While Dr. Evans is forming a response to this, the world suddenly freezes, and a door appears leading back to Michael’s home. After he walks through, he realizes that he is not wearing a rubber band. This is a world without a color filter. And indeed, both his wife and his son are there, happy, safe, and alive. Michael is finally happy.
But am I? More or less, yeah. This was another really spectacularly done episode, with some great dramatic moments and some real emotional stakes that directly followed from the show’s premise, even though the show didn’t really resolve that premise. There’s plenty of room to interpret the ending. You might choose to say that this new world is finally reality, but that seems pretty problematic because if this is reality then there was no reason for Michael’s psychotic break. You could instead say that the Red World has been disproven, but that Michael is digging deeper into his fantasy by inventing the ideal world for himself.

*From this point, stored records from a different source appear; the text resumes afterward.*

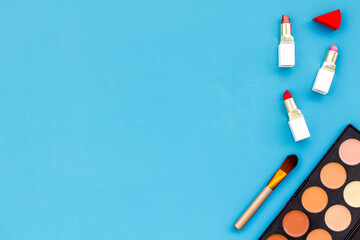 Flatlay of makeup cosmetics on blue background. Blusher, mascara and lipstick, top view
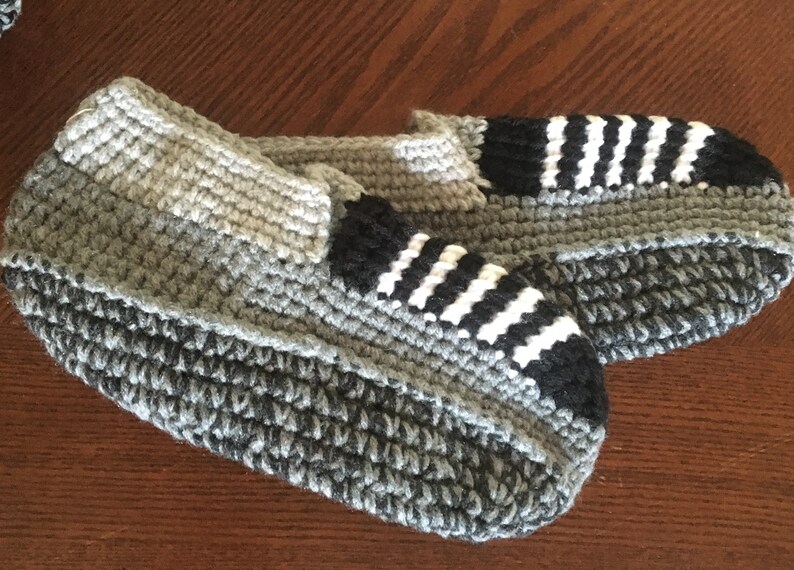 May include: A pair of gray, black, and white crocheted slippers. The slippers have a striped pattern on the top and a solid gray bottom.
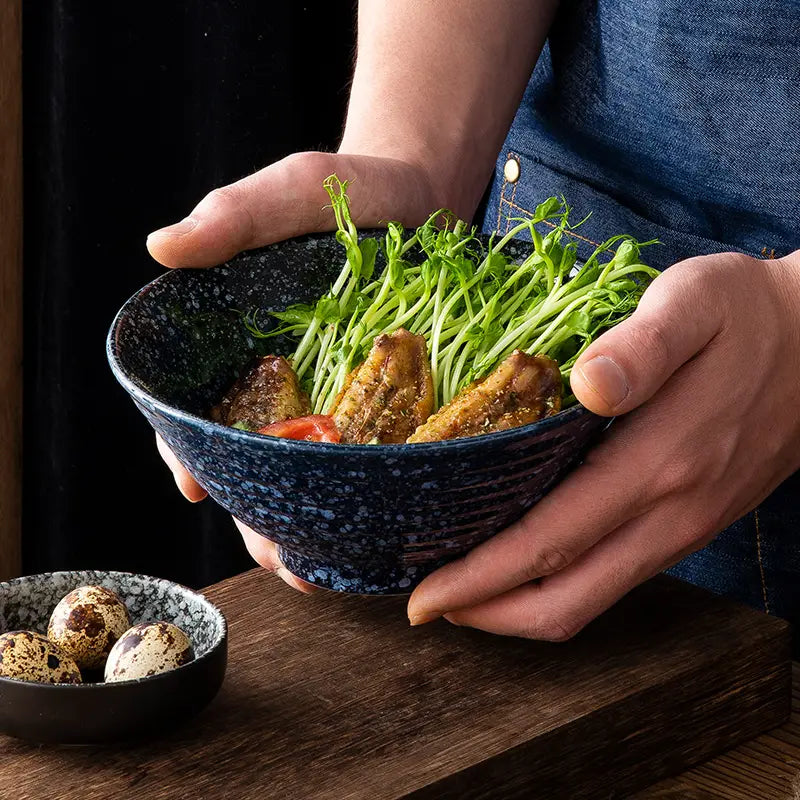 Eine tiefblaue, gesprenkelte Keramikschale aus einem Set „japanische Keramikschalen – rustikal gesprenkelt“ mit Tischgeschirr, gefüllt mit einem lebendigen Salat aus grünen Sprossen und gegrilltem Hähnchen.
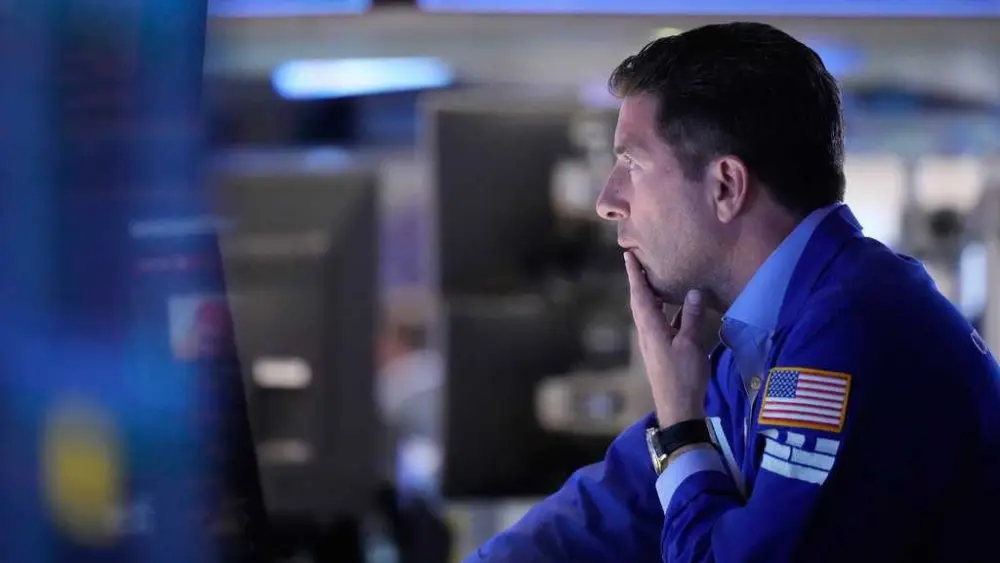 Wall Street hits an all-time high after adding to its weekslong rally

But the “right” answer is really that it doesn’t matter. The ending shows Michael free from the two-world dichotomy in favor of a more complex, less defined situation. On the one hand, this opens up a whole host of other possibilities that might have been explored in the show’s second season, but on the other hand, it also functions as a pretty solid resolution to the issues raised by the pilot.
Plus, I’m not sure whether any of the narrative possibilities set up here would actually have been any good. I get the sense that this finale might have been better as a conclusion than as a starting point for something new. I’m going to miss seeing Awake on my TV every week, but at least it got the chance to air 13 really strong episodes. I’m sure another world out there where it didn’t.